:: Exercise data

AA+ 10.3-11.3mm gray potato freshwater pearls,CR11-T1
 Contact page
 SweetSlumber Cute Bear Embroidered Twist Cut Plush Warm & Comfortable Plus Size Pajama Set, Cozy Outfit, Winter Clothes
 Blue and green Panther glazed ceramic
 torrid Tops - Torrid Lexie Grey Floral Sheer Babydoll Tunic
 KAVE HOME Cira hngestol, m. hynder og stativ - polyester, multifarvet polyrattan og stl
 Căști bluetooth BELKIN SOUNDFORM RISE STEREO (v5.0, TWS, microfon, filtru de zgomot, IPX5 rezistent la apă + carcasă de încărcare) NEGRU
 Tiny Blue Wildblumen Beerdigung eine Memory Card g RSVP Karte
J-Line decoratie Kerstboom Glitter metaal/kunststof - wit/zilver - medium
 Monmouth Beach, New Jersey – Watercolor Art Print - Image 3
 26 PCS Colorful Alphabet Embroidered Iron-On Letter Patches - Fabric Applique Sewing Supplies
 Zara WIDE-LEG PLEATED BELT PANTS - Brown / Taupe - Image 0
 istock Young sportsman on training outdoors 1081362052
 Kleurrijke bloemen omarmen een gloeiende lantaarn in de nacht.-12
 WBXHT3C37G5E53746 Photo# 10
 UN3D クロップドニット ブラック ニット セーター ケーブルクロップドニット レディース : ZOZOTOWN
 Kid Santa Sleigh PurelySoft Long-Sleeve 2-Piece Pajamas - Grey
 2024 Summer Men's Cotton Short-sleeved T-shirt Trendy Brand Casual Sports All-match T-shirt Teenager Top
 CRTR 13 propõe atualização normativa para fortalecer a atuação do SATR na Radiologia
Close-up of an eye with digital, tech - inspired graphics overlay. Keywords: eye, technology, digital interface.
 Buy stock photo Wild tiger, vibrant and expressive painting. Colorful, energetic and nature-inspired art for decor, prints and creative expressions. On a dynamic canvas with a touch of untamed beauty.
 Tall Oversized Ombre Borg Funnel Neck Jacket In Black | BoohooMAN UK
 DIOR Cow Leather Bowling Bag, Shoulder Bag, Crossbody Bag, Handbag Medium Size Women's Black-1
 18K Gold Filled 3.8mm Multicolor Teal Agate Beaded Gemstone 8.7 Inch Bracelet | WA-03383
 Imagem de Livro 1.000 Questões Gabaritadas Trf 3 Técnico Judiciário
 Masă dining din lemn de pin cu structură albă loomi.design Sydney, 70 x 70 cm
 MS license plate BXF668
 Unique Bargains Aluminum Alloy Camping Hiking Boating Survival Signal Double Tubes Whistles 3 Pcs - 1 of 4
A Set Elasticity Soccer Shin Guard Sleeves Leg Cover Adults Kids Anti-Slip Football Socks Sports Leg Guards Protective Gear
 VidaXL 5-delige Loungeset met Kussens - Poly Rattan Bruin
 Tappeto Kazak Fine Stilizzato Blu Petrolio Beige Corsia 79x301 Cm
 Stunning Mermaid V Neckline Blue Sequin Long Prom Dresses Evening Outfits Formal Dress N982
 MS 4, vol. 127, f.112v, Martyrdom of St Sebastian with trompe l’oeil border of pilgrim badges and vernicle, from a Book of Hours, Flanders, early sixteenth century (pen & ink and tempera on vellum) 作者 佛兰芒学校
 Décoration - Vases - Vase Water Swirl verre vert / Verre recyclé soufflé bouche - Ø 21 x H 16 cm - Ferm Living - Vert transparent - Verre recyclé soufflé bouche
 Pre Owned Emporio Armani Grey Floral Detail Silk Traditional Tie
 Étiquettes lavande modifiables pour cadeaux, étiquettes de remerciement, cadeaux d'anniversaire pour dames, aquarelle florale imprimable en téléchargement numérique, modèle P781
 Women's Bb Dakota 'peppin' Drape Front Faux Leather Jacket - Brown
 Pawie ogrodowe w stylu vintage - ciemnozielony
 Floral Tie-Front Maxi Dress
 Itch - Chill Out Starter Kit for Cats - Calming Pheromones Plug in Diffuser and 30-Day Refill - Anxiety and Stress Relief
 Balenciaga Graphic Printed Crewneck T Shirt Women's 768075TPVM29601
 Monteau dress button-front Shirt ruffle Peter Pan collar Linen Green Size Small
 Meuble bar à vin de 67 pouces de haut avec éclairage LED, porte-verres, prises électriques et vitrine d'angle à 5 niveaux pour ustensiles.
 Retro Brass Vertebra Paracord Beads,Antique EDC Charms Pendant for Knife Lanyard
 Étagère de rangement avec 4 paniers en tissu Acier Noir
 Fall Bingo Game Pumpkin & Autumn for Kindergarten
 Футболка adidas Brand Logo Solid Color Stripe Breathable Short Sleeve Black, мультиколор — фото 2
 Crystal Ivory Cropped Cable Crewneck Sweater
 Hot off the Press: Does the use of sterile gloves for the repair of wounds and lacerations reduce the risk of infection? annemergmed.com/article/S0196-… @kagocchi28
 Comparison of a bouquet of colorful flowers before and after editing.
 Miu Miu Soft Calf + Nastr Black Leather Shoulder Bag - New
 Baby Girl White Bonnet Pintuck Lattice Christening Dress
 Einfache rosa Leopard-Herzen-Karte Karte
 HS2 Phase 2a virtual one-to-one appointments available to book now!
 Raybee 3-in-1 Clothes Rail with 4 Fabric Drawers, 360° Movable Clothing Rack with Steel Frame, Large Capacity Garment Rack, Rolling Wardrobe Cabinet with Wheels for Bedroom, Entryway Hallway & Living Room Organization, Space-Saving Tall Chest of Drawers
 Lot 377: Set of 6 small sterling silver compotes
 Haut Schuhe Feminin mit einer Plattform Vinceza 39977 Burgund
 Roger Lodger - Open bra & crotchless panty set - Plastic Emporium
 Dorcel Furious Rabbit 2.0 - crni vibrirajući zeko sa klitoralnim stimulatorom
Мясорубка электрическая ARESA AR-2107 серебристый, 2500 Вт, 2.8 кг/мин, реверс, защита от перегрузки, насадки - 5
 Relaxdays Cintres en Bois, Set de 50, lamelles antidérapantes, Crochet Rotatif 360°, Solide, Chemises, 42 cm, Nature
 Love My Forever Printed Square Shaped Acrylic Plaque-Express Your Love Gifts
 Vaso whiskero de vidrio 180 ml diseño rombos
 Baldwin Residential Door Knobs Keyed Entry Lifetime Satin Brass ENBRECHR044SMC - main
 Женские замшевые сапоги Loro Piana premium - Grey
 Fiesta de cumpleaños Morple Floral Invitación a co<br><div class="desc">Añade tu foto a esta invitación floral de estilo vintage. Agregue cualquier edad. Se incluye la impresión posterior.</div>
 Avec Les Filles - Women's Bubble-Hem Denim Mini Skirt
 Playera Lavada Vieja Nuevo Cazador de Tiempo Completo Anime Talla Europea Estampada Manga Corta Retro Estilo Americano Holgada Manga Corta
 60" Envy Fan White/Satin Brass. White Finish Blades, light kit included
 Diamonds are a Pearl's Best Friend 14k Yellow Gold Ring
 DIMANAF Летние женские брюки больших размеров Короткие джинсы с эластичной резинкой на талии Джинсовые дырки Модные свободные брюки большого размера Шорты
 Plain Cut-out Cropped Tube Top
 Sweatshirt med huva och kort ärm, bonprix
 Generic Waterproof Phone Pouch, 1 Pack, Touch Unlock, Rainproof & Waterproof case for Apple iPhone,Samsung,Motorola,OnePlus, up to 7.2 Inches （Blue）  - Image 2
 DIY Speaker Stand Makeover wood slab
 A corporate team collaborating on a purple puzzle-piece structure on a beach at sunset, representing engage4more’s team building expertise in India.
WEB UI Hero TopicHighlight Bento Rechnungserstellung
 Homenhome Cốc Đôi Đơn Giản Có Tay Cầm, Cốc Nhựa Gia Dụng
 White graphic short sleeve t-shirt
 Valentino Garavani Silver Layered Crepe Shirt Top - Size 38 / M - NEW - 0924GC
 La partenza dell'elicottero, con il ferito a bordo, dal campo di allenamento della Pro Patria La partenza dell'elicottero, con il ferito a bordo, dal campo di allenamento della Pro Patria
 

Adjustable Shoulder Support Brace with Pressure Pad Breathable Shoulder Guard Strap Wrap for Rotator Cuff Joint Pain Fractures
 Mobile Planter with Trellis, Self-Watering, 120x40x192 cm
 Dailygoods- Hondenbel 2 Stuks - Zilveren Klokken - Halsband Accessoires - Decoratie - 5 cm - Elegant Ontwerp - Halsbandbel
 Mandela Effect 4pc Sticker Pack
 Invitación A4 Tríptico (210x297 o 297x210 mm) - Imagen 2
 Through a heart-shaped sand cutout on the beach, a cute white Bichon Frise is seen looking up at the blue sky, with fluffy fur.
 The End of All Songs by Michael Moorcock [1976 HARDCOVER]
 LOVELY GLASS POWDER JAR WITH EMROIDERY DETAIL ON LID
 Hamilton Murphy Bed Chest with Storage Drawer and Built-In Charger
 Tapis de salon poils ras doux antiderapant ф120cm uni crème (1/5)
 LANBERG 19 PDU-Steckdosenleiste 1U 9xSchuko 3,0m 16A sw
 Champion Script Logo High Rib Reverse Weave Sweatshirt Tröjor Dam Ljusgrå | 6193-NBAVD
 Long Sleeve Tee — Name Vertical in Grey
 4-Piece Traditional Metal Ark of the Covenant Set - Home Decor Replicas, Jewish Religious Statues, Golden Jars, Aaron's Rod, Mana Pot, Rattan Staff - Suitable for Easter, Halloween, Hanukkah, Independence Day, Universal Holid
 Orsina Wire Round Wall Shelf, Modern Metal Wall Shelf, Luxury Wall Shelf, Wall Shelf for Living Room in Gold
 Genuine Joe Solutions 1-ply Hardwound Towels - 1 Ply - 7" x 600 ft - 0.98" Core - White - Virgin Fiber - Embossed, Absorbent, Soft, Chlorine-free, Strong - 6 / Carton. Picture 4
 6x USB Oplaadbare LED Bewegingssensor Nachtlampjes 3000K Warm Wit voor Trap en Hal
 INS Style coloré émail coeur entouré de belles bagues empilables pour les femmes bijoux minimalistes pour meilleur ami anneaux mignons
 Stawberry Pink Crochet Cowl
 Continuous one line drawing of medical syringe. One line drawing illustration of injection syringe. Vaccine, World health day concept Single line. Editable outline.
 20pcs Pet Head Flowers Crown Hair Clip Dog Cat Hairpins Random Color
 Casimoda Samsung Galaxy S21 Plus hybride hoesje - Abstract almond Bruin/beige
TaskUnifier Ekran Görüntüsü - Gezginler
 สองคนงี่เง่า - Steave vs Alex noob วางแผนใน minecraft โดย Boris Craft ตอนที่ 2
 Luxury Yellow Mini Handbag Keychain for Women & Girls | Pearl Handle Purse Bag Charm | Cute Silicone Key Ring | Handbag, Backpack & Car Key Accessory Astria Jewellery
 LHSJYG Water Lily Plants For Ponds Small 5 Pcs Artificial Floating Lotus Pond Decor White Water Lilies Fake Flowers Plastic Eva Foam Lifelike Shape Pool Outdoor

::::

Directions for this task → Copy only this part of the entries above: the line with "Футболка adidas Brand", the line with "Женские замшевые сапоги", and the lines between, all exactly as written.

Result below →
 Футболка adidas Brand Logo Solid Color Stripe Breathable Short Sleeve Black, мультиколор — фото 2
 Crystal Ivory Cropped Cable Crewneck Sweater
 Hot off the Press: Does the use of sterile gloves for the repair of wounds and lacerations reduce the risk of infection? annemergmed.com/article/S0196-… @kagocchi28
 Comparison of a bouquet of colorful flowers before and after editing.
 Miu Miu Soft Calf + Nastr Black Leather Shoulder Bag - New
 Baby Girl White Bonnet Pintuck Lattice Christening Dress
 Einfache rosa Leopard-Herzen-Karte Karte
 HS2 Phase 2a virtual one-to-one appointments available to book now!
 Raybee 3-in-1 Clothes Rail with 4 Fabric Drawers, 360° Movable Clothing Rack with Steel Frame, Large Capacity Garment Rack, Rolling Wardrobe Cabinet with Wheels for Bedroom, Entryway Hallway & Living Room Organization, Space-Saving Tall Chest of Drawers
 Lot 377: Set of 6 small sterling silver compotes
 Haut Schuhe Feminin mit einer Plattform Vinceza 39977 Burgund
 Roger Lodger - Open bra & crotchless panty set - Plastic Emporium
 Dorcel Furious Rabbit 2.0 - crni vibrirajući zeko sa klitoralnim stimulatorom
Мясорубка электрическая ARESA AR-2107 серебристый, 2500 Вт, 2.8 кг/мин, реверс, защита от перегрузки, насадки - 5
 Relaxdays Cintres en Bois, Set de 50, lamelles antidérapantes, Crochet Rotatif 360°, Solide, Chemises, 42 cm, Nature
 Love My Forever Printed Square Shaped Acrylic Plaque-Express Your Love Gifts
 Vaso whiskero de vidrio 180 ml diseño rombos
 Baldwin Residential Door Knobs Keyed Entry Lifetime Satin Brass ENBRECHR044SMC - main
 Женские замшевые сапоги Loro Piana premium - Grey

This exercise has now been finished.